▸ **Exercise materials**:
=== Begin Enclosure ===

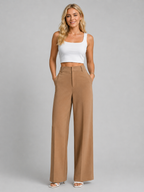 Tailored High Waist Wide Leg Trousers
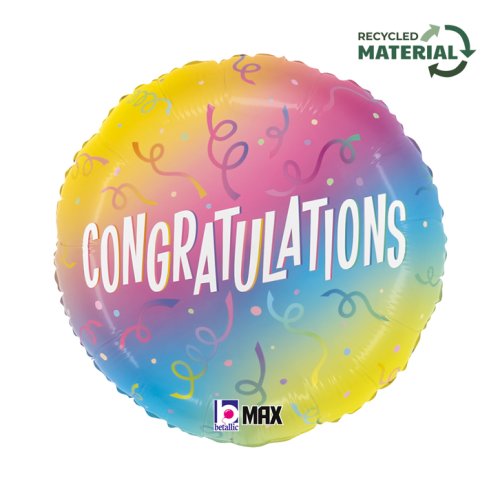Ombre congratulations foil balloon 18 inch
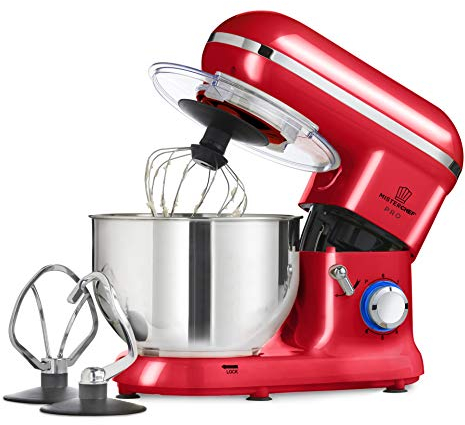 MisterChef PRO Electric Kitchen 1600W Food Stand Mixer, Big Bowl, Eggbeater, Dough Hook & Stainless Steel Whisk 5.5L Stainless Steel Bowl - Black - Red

=== End Enclosure ===
=== Begin Enclosure ===

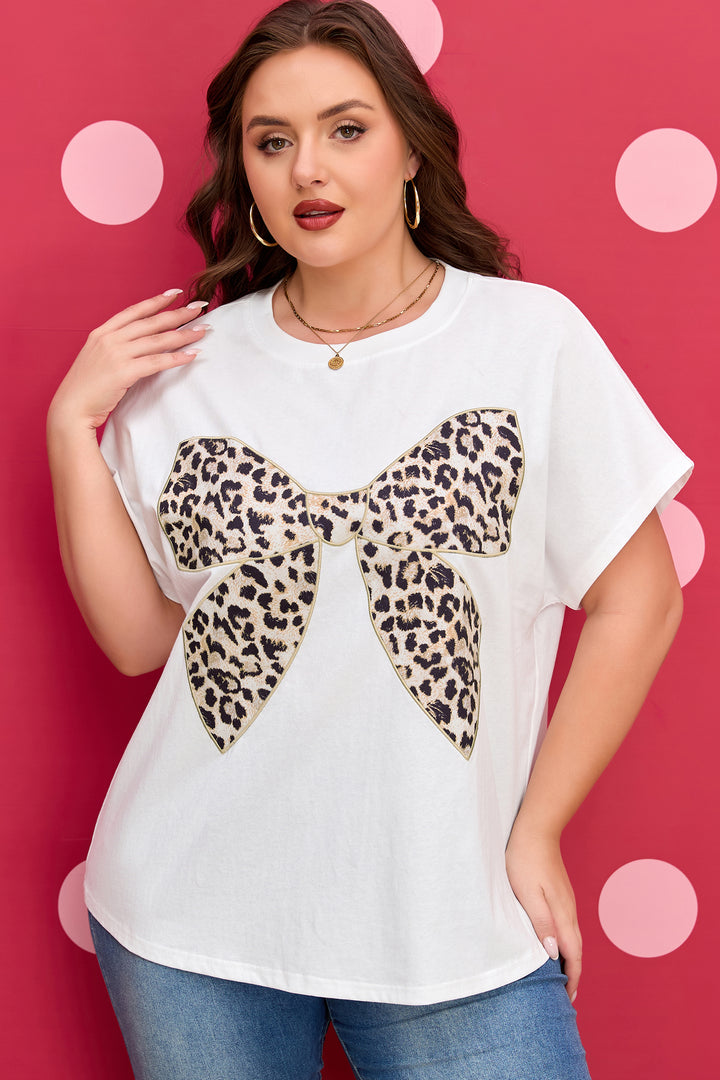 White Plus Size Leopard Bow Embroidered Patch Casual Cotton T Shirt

=== End Enclosure ===

▸ **Exercise**:
Write out, word for word, the stretch of entries that begins at the line with "Ombre congratulations foil balloon 18 inch" and ends at the line with "MisterChef PRO Electric". Pictures do not belong in it.

▸ **Result**:
Ombre congratulations foil balloon 18 inch
 MisterChef PRO Electric Kitchen 1600W Food Stand Mixer, Big Bowl, Eggbeater, Dough Hook & Stainless Steel Whisk 5.5L Stainless Steel Bowl - Black - Red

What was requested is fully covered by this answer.